As you can see here sqft_living, grade, sqft_above, sqft_living15 and bathrooms all had correlations with price that were .5 and higher.

Finally I created a set of scatter plots with those highly correlated variables:

All the features listed show strong positive correlations with price.

Once it came time for OLS regression between continuous dependent and independent variables I was looking for those that had higher r-squared values and low p-values. R-squared is the coefficient of determination which means that it shows the baseline, or worst model. R-squared values reveal whether your model does better than that baseline. The higher the number the better the fit. P-values show the significance of that feature making a prediction, the lower the p-value the the greater the significance.

Here’s what was returned after running the algorithm:

Again this confirmed what the scatter plots showed above, all of these variables show r-squared at above 0.1 and p-values of 0.

While I did complete a log transformation on the target variable (price) I ended up sticking with the original data which had higher r-squared values.

Next up was looking at the categorical variables - waterfront and view so I ran an OLS regression on these. Waterfront had an r-squared value of 0.004 and view had one of 0.082.

Taking all this into account the following features had the highest r-squared values and p-values of 0 which made them qualified as predictors for our model:

Bathrooms, sqft_living, grade, sqft_above, sqft_living15 & view.

I chose bathrooms, sqft_living, grade and view for my presentation.

Done & done. Ready to pass it off to the bigwigs. Right?

Well, not so fast. While this was a good exercise in practicing the mathematic modeling & programming to create the algorithm there’s a huge missing piece here: is this data useful in real life?

I would say no, the data set given is far too limited to be useful in predicting house sale prices. After all is said and done with this project, I am left to wonder whether bathrooms, square footage, grade, and the view would be the only factors I’d be interested tracking if I were a real estate agent.

What about other features like the style of house (is it a craftsman or a boathouse?), the neighborhood, access to public transportation, or the school district. These are all features that’d I’d be interested in as a buyer, so I’m sure as an agent it would be helpful to see if any of these and numerous other qualitative factors would be useful in predicting the price.

Zillow is a great example of a company that uses this type of modeling to create their “Zestimate” of home prices.
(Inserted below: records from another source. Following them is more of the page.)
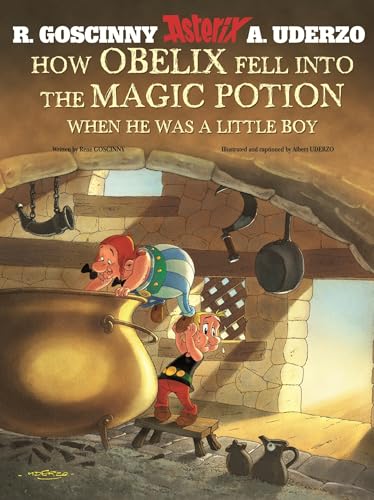 Asterix: How Obelix Fell Into The Magic Potion: Classic Asterix album - Click to Buy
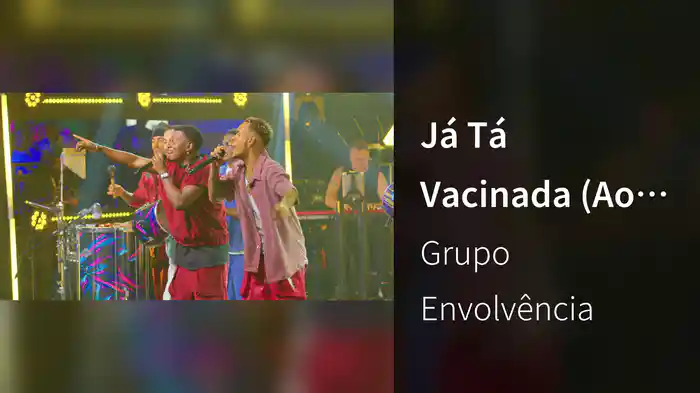 Já Tá Vacinada (Ao Vivo Em São Paulo / 2025)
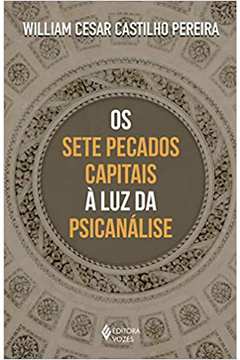 Os Sete Pecados Capitais à Luz da Psicanálise (novo) - William Cesar Castilho Pereira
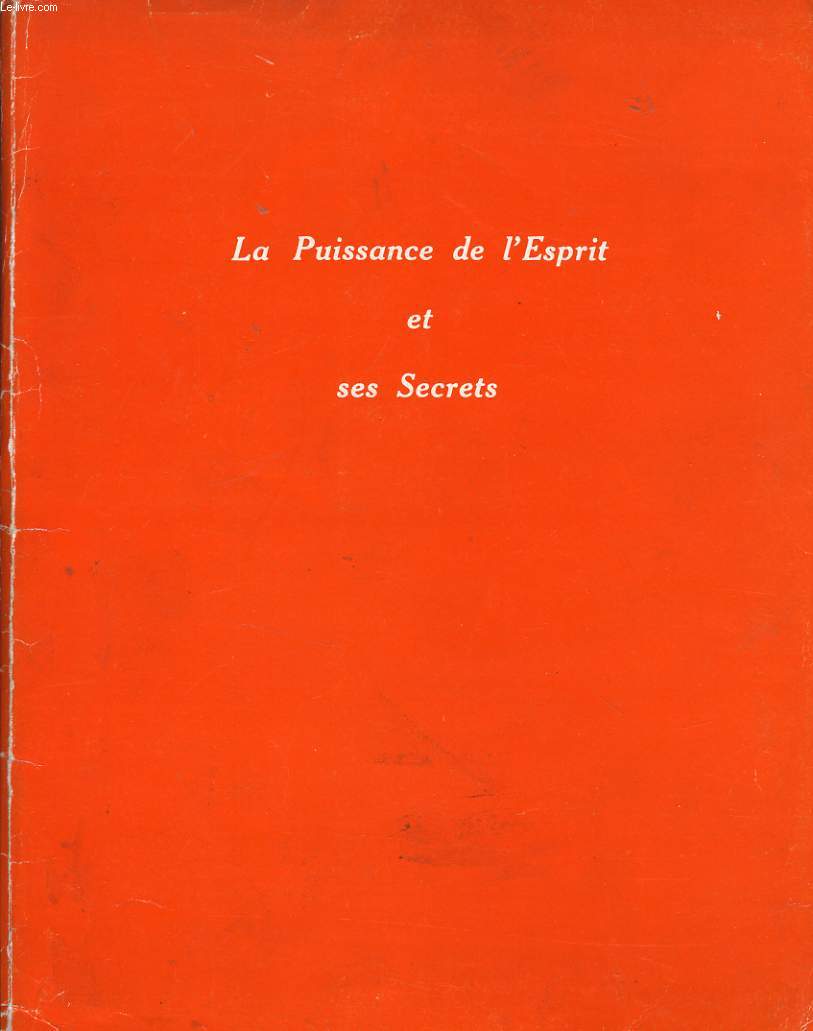 LA PUISSANCE DE L'ESPRIT ET SES SECRETS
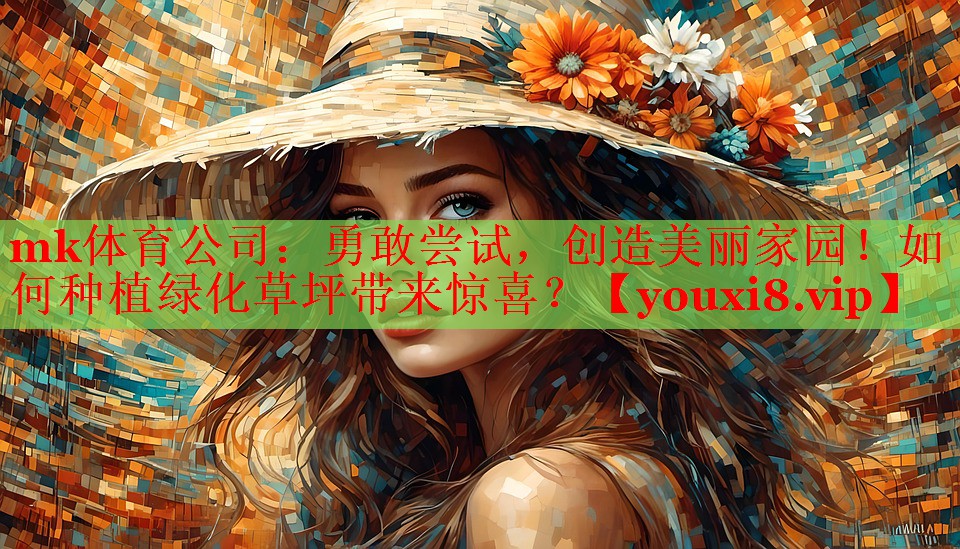 勇敢尝试，创造美丽家园！如何种植绿化草坪带来惊喜？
They created a video to explain how they do this.

After watching this video it’s easy to see that the big elephants in the room are historical price data of the home, price estimates of nearby homes and taxes. In reality, these three factors alone are what I’d most be interested in to predict the current price if I were trying to sell a home to a client.

So where does that leave us?

Back to the drawing board. The conclusion is you can not just rely on the data that is given to you to make predictions. You need to continue to ask the right questions and go find the data you need to create your hypothesis. You’re not finished just because you wrote the algorithm. You’re only getting started.